Aresta's first Ni–CO2 compound (1) was synthesized by CO2 addition to (PCy3)Ni(N2). Other Ni(0)-η2-CO2 compounds have also been prepared from Ni(0) precursors possessing a coordinating N2 or a solvent molecule. The five-coordinate Ni-η2-CO2 compound 5 was prepared from {(PPMeP)Ni0}2(μ-N2). Although the degree of CO2 activation in 5 is low, the addition of a Lewis acid leads to the formation of 12 possessing a Ni(II)–CO22− moiety. This may mimic the initial CO2 binding at the CODH nickel center and subsequent stabilization with Feu. As a notable example, our group reported the first instance of CO2 binding at a Ni(0)–CO species (A) with the expulsion of CO, as illustrated in Fig. 5a.39 By employing a rigid acriPNP ligand, Ni(0)–CO rapidly reacts with CO2 at room temperature, leading to the selective generation of a Ni(II)–carbonite species 13b. In contrast, a (PPMeP)Ni(0)–CO species supported by a neutral PPMeP ligand does not react with CO2 due to thermodynamic reasons (ΔG = +20 kcal mol−1). However, the corresponding (PPMeP)Ni(CO2) species (5) can be formed from the corresponding Ni(0)–N2 species.40 This demonstrates that the structural preference of the tridentate ligand supporting either square planar or tetrahedral geometry influences the thermodynamics of the reaction.
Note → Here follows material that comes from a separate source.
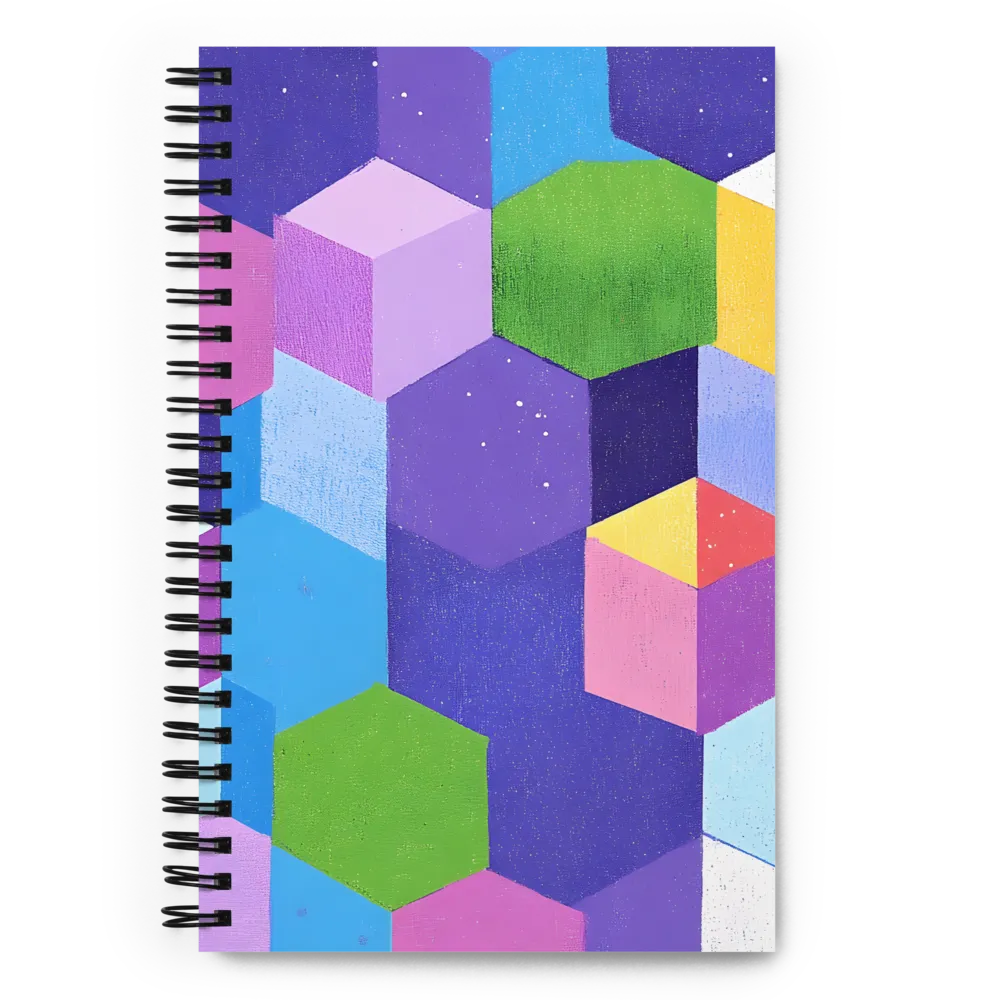 Geometric Harmony | Spiral Notebook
image file: d4sc06957a-f5.tif
Fig. 5 (a) Synthetic cycle for CO2 to CO in the (acriPNP)Ni system. (b) Proposed CODH mechanism based on the model study; bond angles are based on Table 1.

The reaction of Ni(I) with CO2 has been recently investigated. In 2017, our group reported a metalloradical species (acriPNP)Ni(I), that reacts with CO2 to produce the dinickel carbonite compound {(acriPNP)Ni}2(μ-CO2) (18b) via cooperative binuclear reduction.69 A similar reaction involving Ni(I) leading to the formation of dinickel carbonite 19 was also reported by the Schneider group.65 Both reactions of Ni(I) with CO2 occur almost instantaneously at room temperature, indicating that two Ni(I) species cooperatively undergo a single-electron transfer pathway with a low activation barrier for both binding and reduction of CO2. In CODH, a comparable reaction route may be facilitated by electron transfer from the Fe/S cluster or Feu to a Ni(I) ion during the CO2 binding.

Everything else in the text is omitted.